Her çocuk rızkıyla gelir
Aileyi bitiren batı, hızla bitişe doğru gitmektedir. Ama bir yandan da, kendisini bitiren tuzağa bizi çekmek için, tüm cepheleriyle sahadadır. Sadece İslam değil, insanlığında düşmanı olan batı kültürünün en büyük taarruzu, “nüfus planlaması” diye yutturduğu, “NÜFUS KIYIMI”dır. Batının mazlum coğrafyaları kandırmak için en etkin argümanı ise rızık korkusudur. “Bu kadar çocuğa ne kadar bakacaksınız?” sloganı…
Cumhuriyet kurulduğunda nüfus 12.6 milyon, milli gelir (gayri safi milli hâsıla, 2002 fiyatlarıyla) 5 katrilyon 190 trilyon TL, dolayısıyla kişi başına milli gelir sadece 412 milyon TL düzeylerindeydi. Tabi bu miktar, paradan altı sıfır atılmadan önceki haliyleydi. Yani yıllık, kişi başına 412 TL düşüyordu.
2002 yılı sonunda, Türkiye'nin nüfusu 69 milyon, yani, 1920 li yıllara göre, altı kat artmış. Ama 2002 fiyatlarıyla, yani, ekonominin dibe vurduğu, esnafların yazar kasa fırlattığı zamanlarda milli gelir, 273 katrilyon 463 trilyon TL. Kişi başına milli gelir ise 4 milyar TL. Tabi buradan da altı sıfır attığımız zaman, geriye 4000 TL kalır. Yani insanların refah seviyesi, ekonominin dibe vurduğu dönemlerde bir on kat daha artmış.
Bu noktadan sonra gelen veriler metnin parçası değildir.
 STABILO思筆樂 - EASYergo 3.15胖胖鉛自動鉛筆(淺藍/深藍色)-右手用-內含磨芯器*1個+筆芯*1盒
Evet, nüfus altı kart armış olmasına rağmen, insanların refah seviyesi altı kat aşağı gideceği yerde, on kat yukarı çıkmış. Hani batı hayranı zavallıların hesabı nerede? Yıllardır insanlara: “aman ha bakamazsınız, çocuk yapmayın diye dayatanlar hep yalan söylediler. Ne yazık ki, medyanın gücüyle onlar, yalanlarına insanları ikna ediyorlar. Ama biz bu kısık sesimizle, insanları Allah'ın (cc) Rezzak ismi şerifine ikna edemiyoruz.
Dış ticari ilişkiler de bu göstergeler paralelindeydi. Çoğunluğu sanayi ürünlerinden oluşan ithalat 86.9 milyon dolar, tarım ve madencilik ağırlıklı olan ihracat ise 50.8 milyon dolar seviyelerindeydi. Ekonomi temelde tarıma dayalı olduğundan gayri safi milli hâsıla içinde tarımın payı yüzde 40, sanayinin payı ise sadece yüzde 13'tü. Yaklaşık 80 yıl sonra, 21. yüzyıla girerken, İthalatı 50 milyar dolar, ihracatı 30 milyar dolar düzeylerine ulaşmıştır.
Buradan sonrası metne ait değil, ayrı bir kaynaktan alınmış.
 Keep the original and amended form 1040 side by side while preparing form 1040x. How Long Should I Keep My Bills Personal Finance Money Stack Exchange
Gayri safi milli hâsıla içinde sanayinin payı yüzde 32 ye çıkmış, tarımın payı ise yüzde 15'lere gerilemiştir. Kişi başına milli gelir; cumhuriyetin kurulduğundan bu yana yaklaşık 10 misli, milli gelir yaklaşık 50 misli, ihracat ise 600 misli artmıştır. 2002 yılları, daha önce dediğimiz gibi, ekonominin dibe vurduğu zamanlardı. Türkiye bugün dünya ekonomisi ile daha fazla bütünleşmiş her açıdan onlarca kat büyümüştür.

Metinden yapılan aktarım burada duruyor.